| Data extract |
==================================================

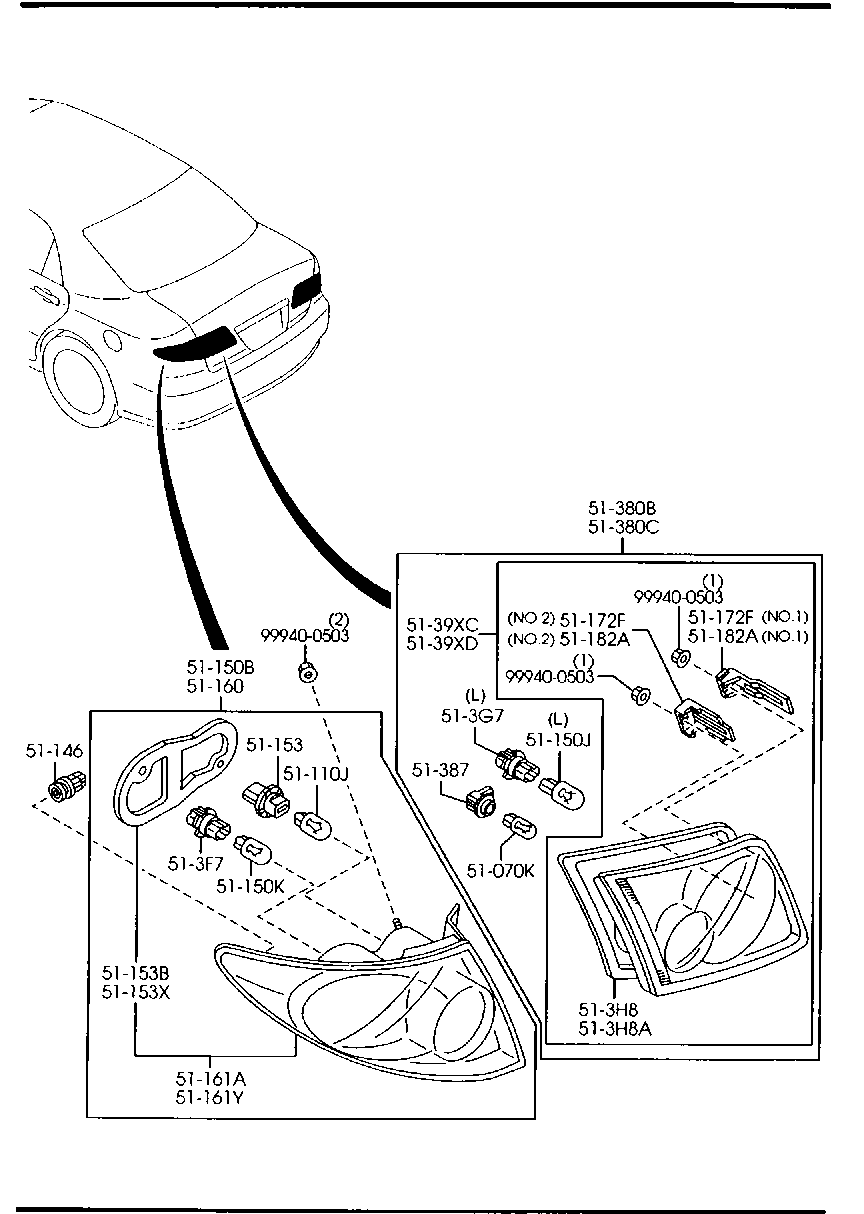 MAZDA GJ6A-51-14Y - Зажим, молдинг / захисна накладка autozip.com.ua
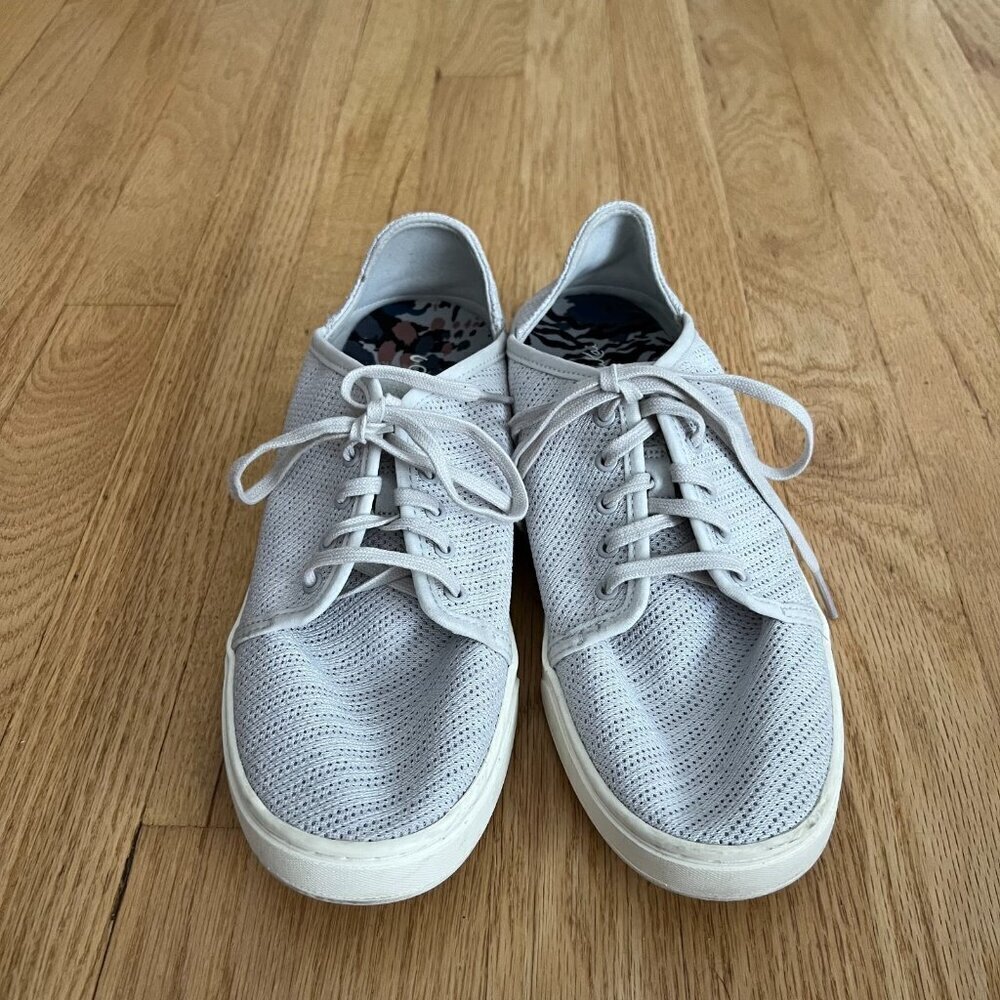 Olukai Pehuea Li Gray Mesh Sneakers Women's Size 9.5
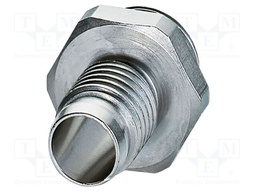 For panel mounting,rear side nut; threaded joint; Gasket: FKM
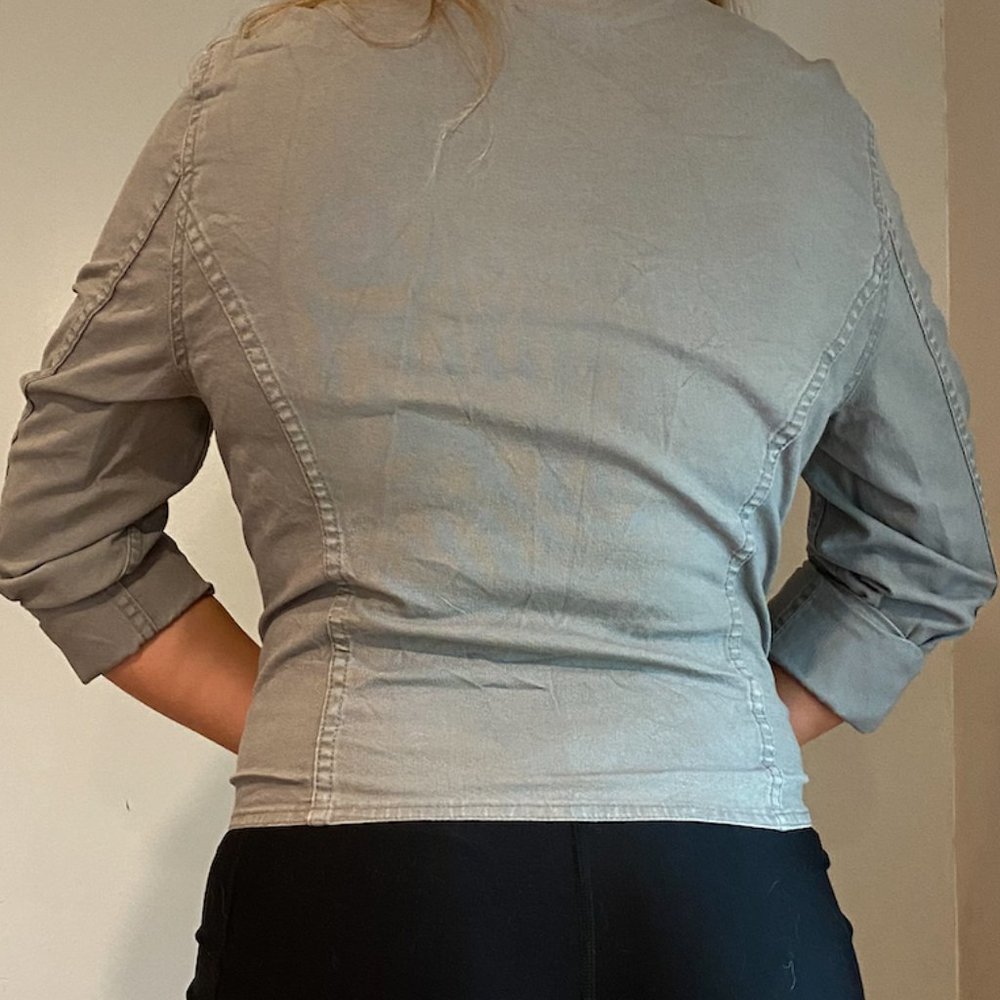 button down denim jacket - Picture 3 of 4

==================================================

| Prompt |
Could you reproduce all of the data above exactly and skip any image?

| Exercise answer |
 MAZDA GJ6A-51-14Y - Зажим, молдинг / захисна накладка autozip.com.ua
 Olukai Pehuea Li Gray Mesh Sneakers Women's Size 9.5
 For panel mounting,rear side nut; threaded joint; Gasket: FKM
 button down denim jacket - Picture 3 of 4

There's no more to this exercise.